[Data provided Boundary: Start]

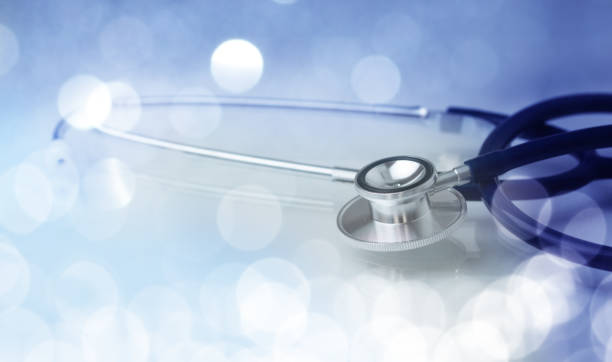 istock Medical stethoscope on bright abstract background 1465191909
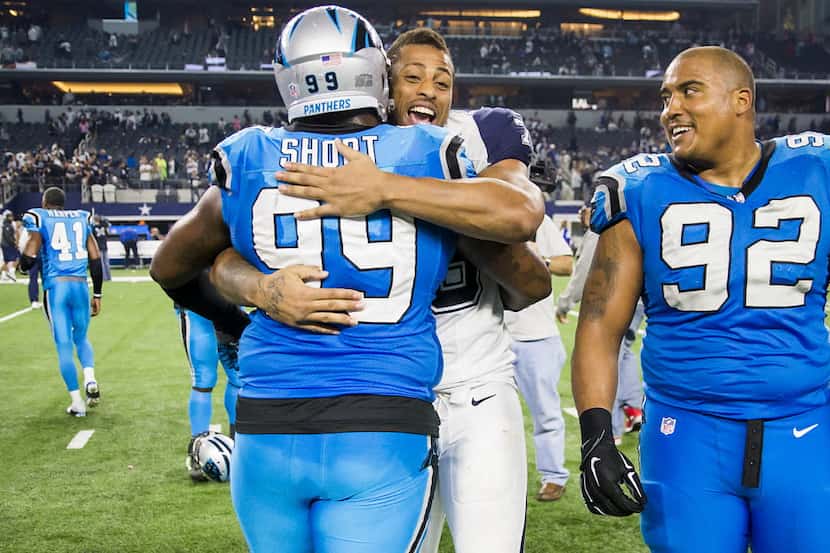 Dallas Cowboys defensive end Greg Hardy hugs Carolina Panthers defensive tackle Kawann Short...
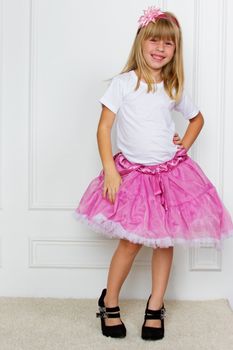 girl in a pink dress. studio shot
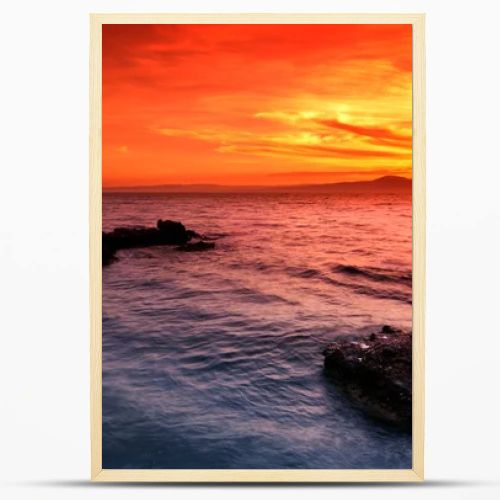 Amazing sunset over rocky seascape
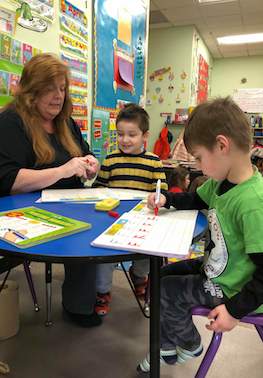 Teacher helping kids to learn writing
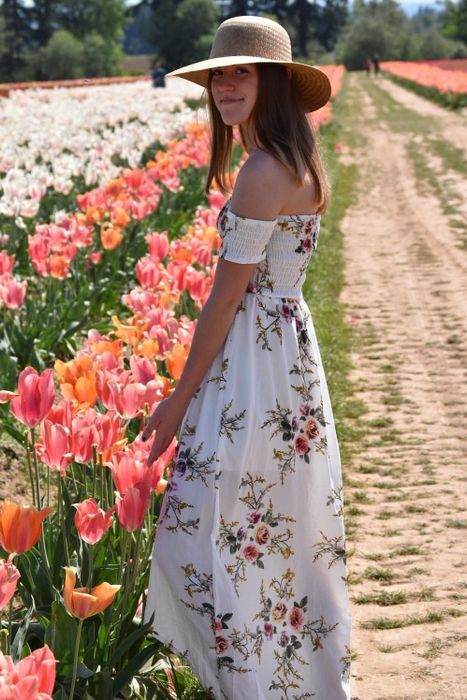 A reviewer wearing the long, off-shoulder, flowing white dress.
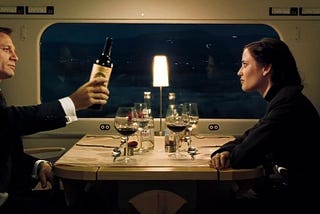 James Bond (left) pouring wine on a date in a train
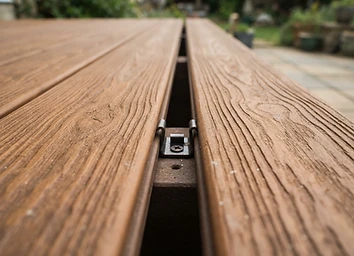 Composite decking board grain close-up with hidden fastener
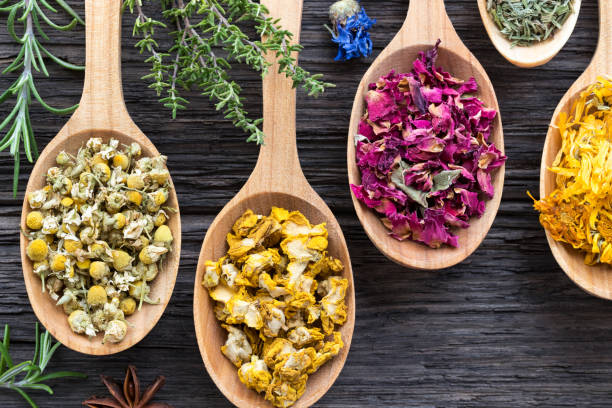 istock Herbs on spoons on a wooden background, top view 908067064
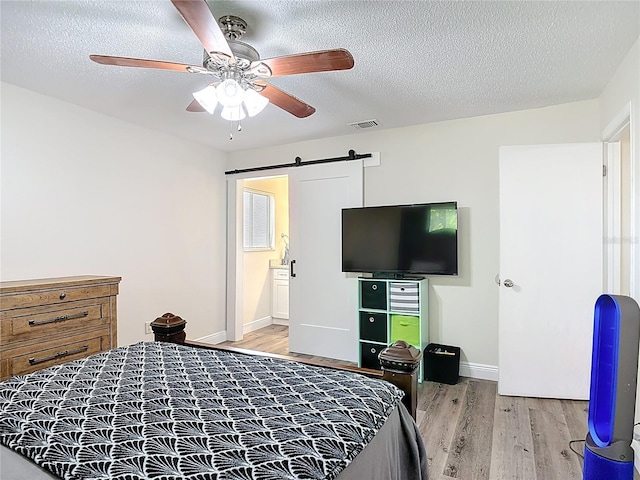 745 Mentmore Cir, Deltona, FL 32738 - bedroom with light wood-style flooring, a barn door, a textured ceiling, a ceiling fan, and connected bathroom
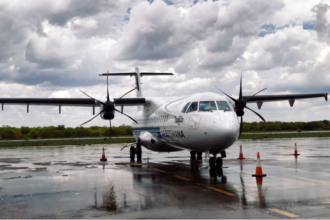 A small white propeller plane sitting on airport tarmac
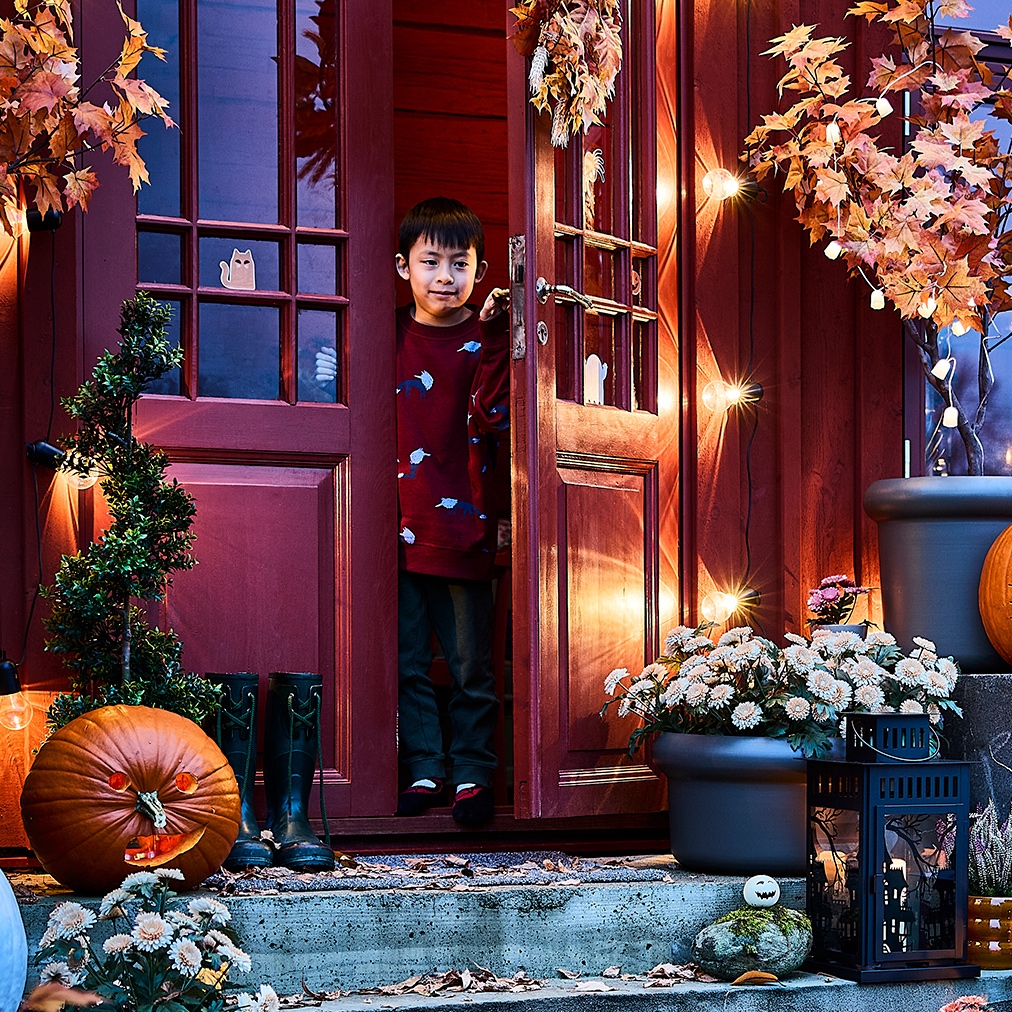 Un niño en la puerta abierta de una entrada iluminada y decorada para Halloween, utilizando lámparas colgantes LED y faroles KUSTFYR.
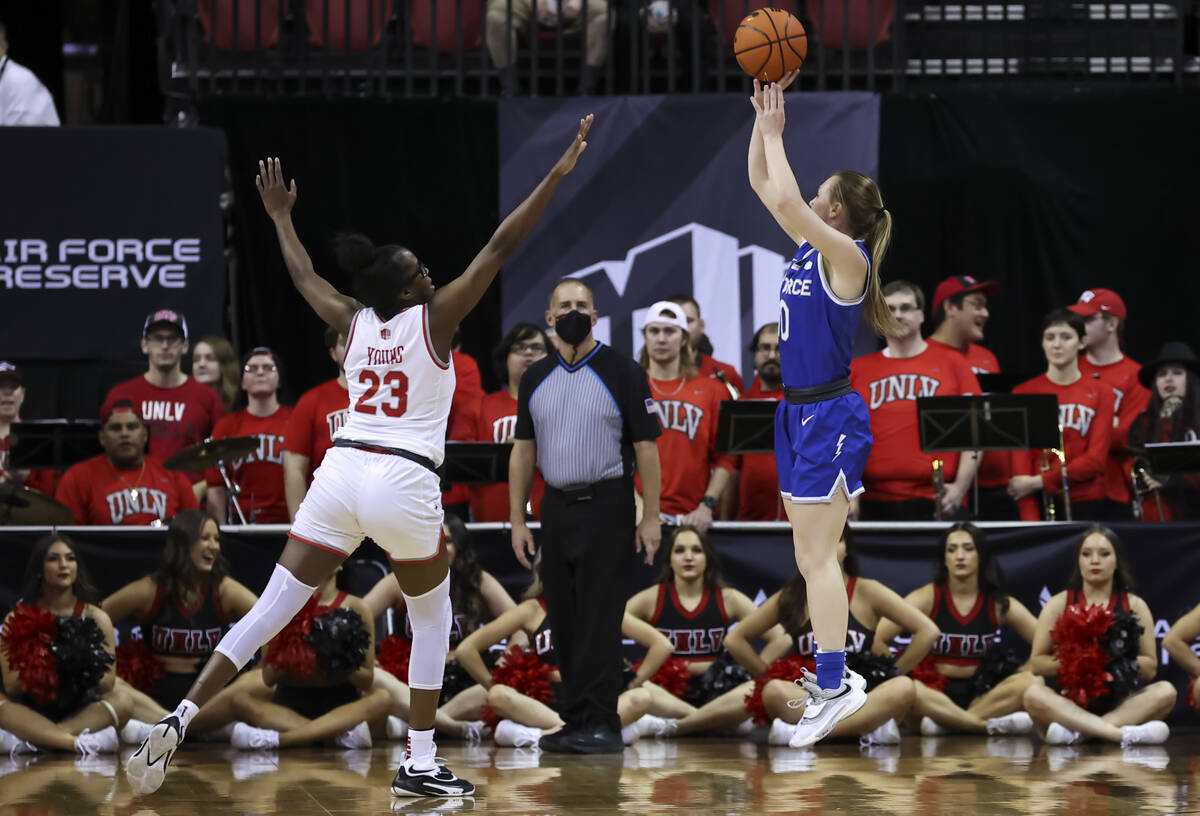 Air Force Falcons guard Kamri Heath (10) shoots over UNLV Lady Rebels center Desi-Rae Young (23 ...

[Data provided Boundary: End]

* [Exercise directions]:
Starting with the line that has "Un niño en la" and ending with the last line of the records, retype every line exactly and only those lines. Do not include the pictures.

* [Result]:
 Un niño en la puerta abierta de una entrada iluminada y decorada para Halloween, utilizando lámparas colgantes LED y faroles KUSTFYR.
 Air Force Falcons guard Kamri Heath (10) shoots over UNLV Lady Rebels center Desi-Rae Young (23 ...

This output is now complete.